Empresas que atuam no comércio internacional e na logística do Brasil relatam que a greve dos auditores fiscais da Receita Federal, que já ultrapassa dois meses, resultou no bloqueio de 75 mil remessas de importação e exportação. Com as mercadorias retidas nos terminais alfandegários, o impacto financeiro é significativo, gerando perdas bilionárias para empresas e consumidores.
Luiz Philippe de Orleans e Bragança, presidente da Frente Parlamentar Livre Mercado (FPLM), alertou os ministérios da Fazenda e da Gestão e da Inovação sobre a necessidade de ações rápidas para desbloquear as operações e evitar um colapso ainda maior no comércio internacional e na logística nacional.
“Esses atrasos não prejudicam apenas as empresas do setor logístico, mas comprometem a competitividade do Brasil no mercado global.
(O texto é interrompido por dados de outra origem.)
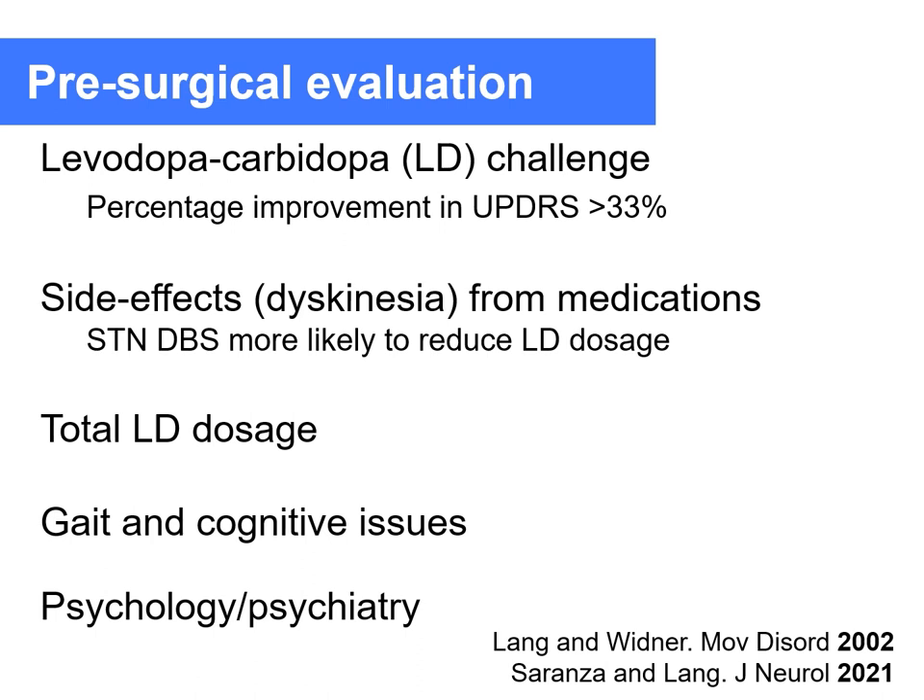In evaluating patients for DBS surgery, it is important to perform a levodopa challenge test: patients are brought in off their medications at their worst off state, given about one and a half times their normal levodopa dose, and the benefit is measured. This benefit serves as a benchmark for what DBS should achieve. Assessment of side effects, total levodopa dosage, gait, cognition, and psychology and psychiatry evaluations are also performed.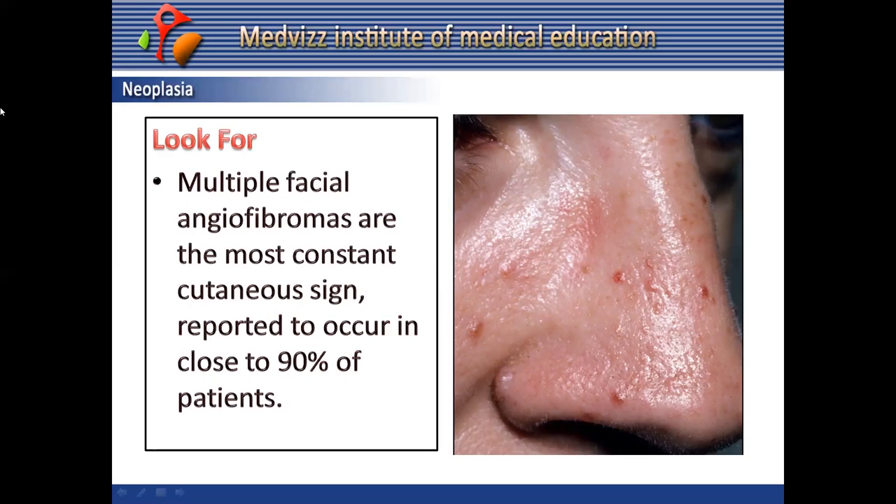For diagnosis of MEN1, multiple facial angiofibromas are the most constant cutaneous sign, reported in approximately 90% of MEN1 patients. These angiofibromas are small, skin-colored to reddish-brown, smooth papules, often distributed over the nose and medial cheeks.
Produtos essenciais, como kits laboratoriais e peças industriais, estão retidos, afetando cadeias produtivas e colocando em risco as pequenas e médias empresas”, comentou o deputado.
Esta é a segunda greve dos auditores fiscais em menos de um ano. Iniciada em novembro, a paralisação ocorre devido à reivindicação por melhores condições de trabalho e maior estrutura nas aduanas do país. Apesar da greve, está garantido que 30% dos auditores continuem trabalhando, com prioridade para a liberação de cargas definidas por lei, como produtos perecíveis, medicamentos e cargas perigosas.
Mesmo com esse contingente mínimo, o setor relata que a greve resultou na retenção de 75 mil remessas de importação e exportação. De acordo com o Sindicato dos Despachantes Aduaneiros de São Paulo (Sindasp), greves anteriores causaram perdas de até R$ 3 bilhões em um período de seis meses. Especialistas alertam que os danos econômicos desta paralisação podem ser ainda mais graves.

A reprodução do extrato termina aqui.